Chirac disse e repetiu que a “energia não podia se transformar numa arma política, não pode se transformar em um instrumento político”. “Nesta fase de rápido desenvolvimento econômico”, alertou, “devemos lidar com ela em um marco de parceria global pelo desenvolvimento sustentável. Se continuarmos no curso presente, o consumo crescente de combustíveis fósseis será desastroso para o ambiente e o clima”. Chirac ensinou, também, que “não resolveremos o problema do aquecimento global, cada um por sí, ou aumentando o número de soluções unilaterais ou parciais. Estou preocupado com o enfraquecimento do regime internacional para a mudança climática. Precisamos reverter essa tendência. Desafios globais requerem respostas globais”. E concluiu dizendo que “a crise ecológica atual demanda respostas globais efetivas e coordenadas. Convoco minhas contrapartes do G8 a se comprometerem com o rápido estabelecimento de uma Organização das Nações Unidas para o Meio Ambiente”.
O presidente francês tocou em um ponto de grande importância. A Convenção do Clima não criou um marco para a governança global do clima. Nem, há, hoje, um marco para a governança global do meio ambiente. Na verdade, estamos mergulhados numa grande desordem global, com uma multiplicidade de convenções, tratados, acordos, protocolos, parciais e temáticos, que geram uma grande quantidade de estudos, comunicados, viagens internacionais e falação, mas não levam a ações concretas. Servem como álibis para o fracasso e alimentam o cenário “mais do mesmo”, que já sabemos antevê uma tragédia climática. A reunião de São Petersburgo contratou mais do mesmo, nem mais, nem menos.

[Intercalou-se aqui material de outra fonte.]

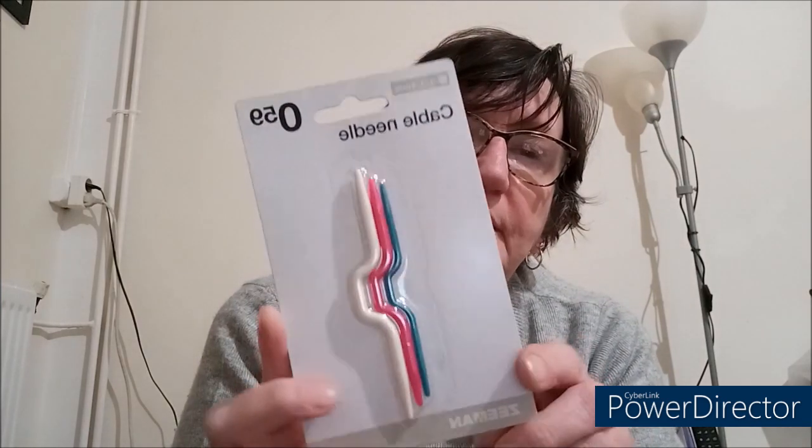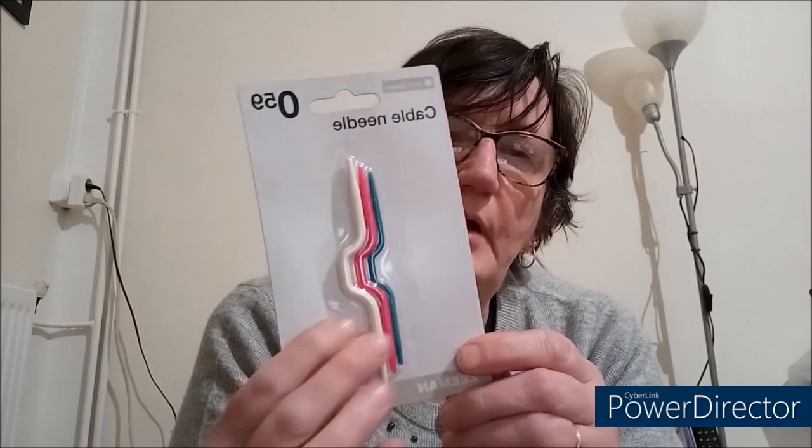J'ai pris aussi les petites aiguilles à torsades. J'en ai déjà, mais celles que j'ai sont en plastique et ça peut casser, donc je préfère en avoir d'avance. C'est pareil, 59 centimes. La taille, c'est 3, 4 et 5 millimètres.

O que o clima está precisando é de um mecanismo efetivo de resolução de conflitos e de governança. O problema é que governança se estabelece por meio de um contrato entre as partes. Governança global requer um acordo global ou, pelo menos, um acordo entre as partes mais fortes. Nesse sentido, Blair tem razão. Qualquer mecanismo de governança do clima tem que incluir China, Índia e Brasil, que fingem que não é com eles, mas é. Sem eles, nenhum acordo sobre o clima terá resultados suficientes. Com eles, somados ao G8, estamos falando da maior parte do problema. O desafio é fazê-los se entender. Para isso, só há um caminho: a pressão ativa dos eleitores de cada um deles. Na China, onde não há eleitores, o problema é virar a cabeça do Comitê Central. A tragédia chinesa, que já é visível, talvez faça isso. Na Rússia, onde os eleitores nunca contaram muito, o jeito é negociar com o Czar.